Please refer to FIG. 6, which is time sequence diagram illustrating the USB bulk transmission according the third embodiment of to the present invention. As shown in FIG. 6, the present embodiment is mostly similar to but differs from the first embodiment in that during a period of time between two adjacent waiting periods, it is an integrated packet 20 transmitted but not simply a single packet. As shown in FIG. 6, integrated packet preparation period PAP indicates a period of time for integrating an integrated packet, integrated packet transmission period BOA indicates a period of time for transmitting the integrated packet, waiting period Wt indicates a period of time for waiting for a callback signal after completing process of transmitting the integrated packet, and receiving callback period CA indicates a period of time for receiving the callback signal.
In the present embodiment, after completing each process of transmitting an integrated packet, the succeeding process of transmitting the next integrated packet begins instantly in response to the completion of the process of transmitting the integrated packet. For instance, in response to the completion of the process of transmitting a first integrated packet, the process of transmitting a second integrated packet instantly begins. Likewise, in response to the completion of the process of transmitting the second integrated packet, the process of transmitting a third integrated packet instantly begins, and so on. Accordingly, as shown in FIG. 6, the end of the integrated packet transmission period BOA of each integrated packet falls at the same point at the beginning of the integrated packet transmission period BOA of the succeeding integrated packet. Furthermore, as soon as the process of generating an integrated packet is completed, the generated integrated packet is instantly transmitted out.
Please refer to FIG. 7, which is a time sequence diagram illustrating the USB bulk transmission according to the fourth embodiment of the present invention. The present embodiment is similar to the second embodiment, while the present embodiment differs from the second embodiment in that each packet transmitted during a period of time between two adjacent waiting periods is not simply a single packet but an integrated packet 20 shown in FIG. 5.
In the third embodiment, after completing the process of transmitting an integrated packet, the process of generating succeeding integrated packet is then correspondingly carried on. In the present embodiment, as soon as the process of generating any integrated packet is completed, the process of generating succeeding integrated packet correspondingly begins instantly. As shown in FIG. 7, after each integrated packet is generated, in order to correspond to the completing process of the integrating packet, the process of generating the succeeding integrated packet instantly begins. The process of transmitting the succeeding integrated packet is also executed right after being generated while each integrated packet is still transmitted. Therefore, compared with the third embodiment, the present embodiment provides higher efficiency of transmission rate.
Compared with the conventional methods, the method of the present invention for enhancing USB transmission rate continuously transmits the packets or integrated packets during the periods of time of waiting for the callback signals, thereby reducing unnecessary waiting time, and further increasing the data transmission amount during a time unit and increasing the data transmission rate. Therefore, the method of the present invention fulfills future demands on high transmission rate of Universal Serial Bus.
The foregoing descriptions of the detailed embodiments are only illustrated to disclose the features and functions of the present invention and not restrictive of the scope of the present invention. It should be understood to those skilled in the art that any modifications and variations according to the spirit and principle in the disclosure of the present invention should fall within the scope of the appended claims.

Claims

1. A method for enhancing Universal Serial Bus (USB) transmission rate, comprising the steps of:

generating a first packet;

transmitting the first packet;

producing a first callback signal corresponding to a receiving of the first packet by a recipient;

generating a second packet and then receiving the callback signal; and

transmitting the second packet.

2. The method of claim 1, wherein the step of transmitting the second packet begins in response to a completion of the step of transmitting the first packet.

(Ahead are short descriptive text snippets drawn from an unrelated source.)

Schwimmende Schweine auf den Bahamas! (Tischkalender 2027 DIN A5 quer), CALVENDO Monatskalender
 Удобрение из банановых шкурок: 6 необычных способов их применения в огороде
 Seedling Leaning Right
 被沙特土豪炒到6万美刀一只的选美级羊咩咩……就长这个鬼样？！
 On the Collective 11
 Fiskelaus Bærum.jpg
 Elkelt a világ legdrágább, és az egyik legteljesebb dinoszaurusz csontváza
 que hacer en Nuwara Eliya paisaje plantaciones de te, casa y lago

3. The method of claim 1, wherein the step of generating the second packet begins in response to a completion of the step of generating the first packet.

4. The method of claim 1, wherein the step of transmitting the first packet begins in response to a completion of the step of generating the first packet, and the step of transmitting the second packet begins in response to a completion of the step of generating the second packet.

5. The method of claim 1, further comprising the steps of:

receiving a second callback signal, wherein the second callback signal is produced correspondingly to a receiving of the second packet by the recipient;

generating a third packet before receiving the second callback signal; and

transmitting the third packet.

6. The method of claim 5, wherein the step of transmitting the third packet begins in response to a completion of the step of transmitting the second packet.

7. The method of claim 5, wherein the step of generating the third packet begins in response to a completion of the step of generating the second packet.

8. The method of claim 5, wherein the step of transmitting the third packet begins in response to a completion of the step of generating the third packet.

9. A method for enhancing USB transmission rate comprising the steps of:

receiving a first plurality of packets, wherein each of the first plurality of packets comprises a header and a data string;

generating a first integrated packet according to the first plurality of packets, wherein the first integrated packet comprises all the data strings of the first plurality of packets but not any header of the plurality of packets;

transmitting the first integrated packet;

receiving a first callback signal, wherein the first callback signal is produced correspondingly to a receiving of the first integrated packet by a recipient;

receiving a second plurality of packets, wherein each of the second plurality of packets comprises a header and a data string;

generating a second integrated packet according to the second plurality of packets before receiving the first callback signal, wherein the second integrated packet comprises all data strings of the second plurality of packets but not any header of the second plurality of packets; and

transmitting the second integrated packet.

10. The method of claim 9, wherein the step of transmitting the second integrated packet begins in response to a completion of the step of transmitting the first integrated packet.

11. The method of claim 9, wherein the step of generating the second integrated packet begins in response to a completion of the step of generating the first integrated packet.

12. The method of claim 9, wherein the step of transmitting the first integrated packet begins in response to a completion of the step of generating the first integrated packet, and the step of transmitting the second integrated packet begins in response to a completion of the step of the generating the second integrated packet.

13. The method of claim 9, further comprising the steps of:

receiving a second callback signal, wherein the second callback signal is produced correspondingly to a receiving of the second integrated packet by the recipient;

receiving a third plurality of packets, each of the third plurality of packets comprises a header and a data string;

generating a third integrated packet according to the third plurality of packets before receiving the second callback signal, wherein the third integrated packet comprises all the data strings of the third plurality of packets but not any header of the third plurality of packets; and

transmitting the third integrated packet.

14. The method of claim 13, wherein the step of transmitting the third integrated packet begins in response to a completion of the step of transmitting the second integrated packet.

15. The method of claim 13, wherein the step of generating the third integrated packet begins in response to a completion of the step of generating the second integrated packet.

16. The method of claim 13, wherein the step of transmitting the third integrated packet begins in response to a completion of the step of generating the third integrated packet.